理解に関する考察

11月30日に「数式を含んだ論文を読んで理解するというタスクにも生産性向上の方法論があるのではないか」などと考えて書いたTweetを流れ去らないようにメモしておく。

数学は複雑に絡み合った知識の体系なので知性に高い負荷をかけ、そのため理解とは何か考える際の良い観察対象になる。複雑に絡み合った知識は一度に飲み込むことはできない。断片的にしかインプットできない。断片的な知識を取り入れた後、自分の中で再び結合して知識の体系に戻す作業が理解。

自然言語で書かれた文章は重要な内容が高頻度に出現する。しかし数学ではそうではない。式を再掲せず式番号で済ませる。頻出の操作も初回のみ記述して残りを省略する。操作をそもそも言語化せず操作前後の式を示すだけで済ませる。
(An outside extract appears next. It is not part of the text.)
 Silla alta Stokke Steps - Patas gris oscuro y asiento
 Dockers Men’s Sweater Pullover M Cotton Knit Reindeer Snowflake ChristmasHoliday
このように高度に圧縮されているので先に展開せねば理解出来ない。

省略された知識の発見、別の箇所で提示された知識との自分の中での結合、提示された知識からのメタな知識の発見=高い視点の獲得。メタな知識は、他の対象への応用性が高い。応用性の高いメタ知識を自分の中で創り上げること、自分の中での知識の結合と体系化が理解。

理解は予期せず起こる知識の結合。意図して起こすことができない。だから理解をTODOにすることはできない。また、理解できたという実感はよく間違っている。理解度はアウトプットの質でしか測ることができない。だから理解をゴールにすることもできない。